A dog's life: Readers are moved by the plight of pit bulls

 FEATURE, SEPTEMBER 2, 2010
DEPUTY DOGS
A conflicted mind: I have a confession: I don't normally read the Riverfront Times. However, the cover story for the dogfighting investigation, and to as great a degree the cover art, caught my eye ["Dog Beat Dog," Keegan Hamilton]. This story was very close to a very soft spot in my heart. My wife is a dog trainer, and for the last ten years she also actively works with dog rescue operations.

She is hands-on, very much so. Our house has always been a temporary home for one or two fosters.
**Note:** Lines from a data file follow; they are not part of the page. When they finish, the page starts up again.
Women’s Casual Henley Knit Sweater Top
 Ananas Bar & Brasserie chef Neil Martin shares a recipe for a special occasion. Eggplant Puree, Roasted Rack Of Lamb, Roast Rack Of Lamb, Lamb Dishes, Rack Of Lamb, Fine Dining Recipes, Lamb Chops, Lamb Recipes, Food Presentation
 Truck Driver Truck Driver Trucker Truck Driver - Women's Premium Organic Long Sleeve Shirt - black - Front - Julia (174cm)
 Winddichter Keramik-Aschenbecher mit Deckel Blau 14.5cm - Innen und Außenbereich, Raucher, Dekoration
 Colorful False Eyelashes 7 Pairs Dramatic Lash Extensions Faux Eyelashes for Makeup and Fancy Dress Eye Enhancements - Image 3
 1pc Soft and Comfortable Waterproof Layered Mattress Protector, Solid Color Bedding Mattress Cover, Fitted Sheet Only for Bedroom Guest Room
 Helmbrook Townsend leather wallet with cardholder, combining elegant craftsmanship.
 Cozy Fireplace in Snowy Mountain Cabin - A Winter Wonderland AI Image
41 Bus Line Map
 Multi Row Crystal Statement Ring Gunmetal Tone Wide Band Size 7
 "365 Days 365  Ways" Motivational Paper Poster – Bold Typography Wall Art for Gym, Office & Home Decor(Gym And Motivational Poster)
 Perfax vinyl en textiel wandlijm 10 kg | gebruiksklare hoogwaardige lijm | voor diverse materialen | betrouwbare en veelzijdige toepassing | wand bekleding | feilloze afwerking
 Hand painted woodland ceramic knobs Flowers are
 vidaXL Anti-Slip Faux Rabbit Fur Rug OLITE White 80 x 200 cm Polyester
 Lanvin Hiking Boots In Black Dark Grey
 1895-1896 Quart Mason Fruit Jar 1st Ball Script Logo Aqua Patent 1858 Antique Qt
Starting in Maryland, a mere 30 miles outside Washington, D.C., we started seeing a growing number of pit bulls being dumped, abandoned and otherwise left for dead. It is not so different now in Jefferson County.

I can attest to the positive attributes of the dog breed: loyal, loving and affectionate. We currently have a small pit staying with us that I would call my own if I got to make the rules about such things.

About your story. I was really, really impressed. Conflicted, but impressed. The idea of using dogs to fight in order to infiltrate and break up a fighting ring is very tough to warm up to. It is, though on a lesser scale, like sending a son off to war. You know that a greater good requires significant sacrifice, but that sacrifice bleeds real blood.

And this is what I liked about your story: It was as objective and candid a piece as I have ever read on this subject. Even your statements about how some of the owners did not at all see the harm in fighting dogs rings true. Uncomfortable, but true.

I congratulate you on a magnificent piece of journalism. The detail, the objectivity and the uncomfortable balancing of cultural perspectives awakened some synapses, caused discomfort and made me think. I'm still thinking, and I assume many others are as well.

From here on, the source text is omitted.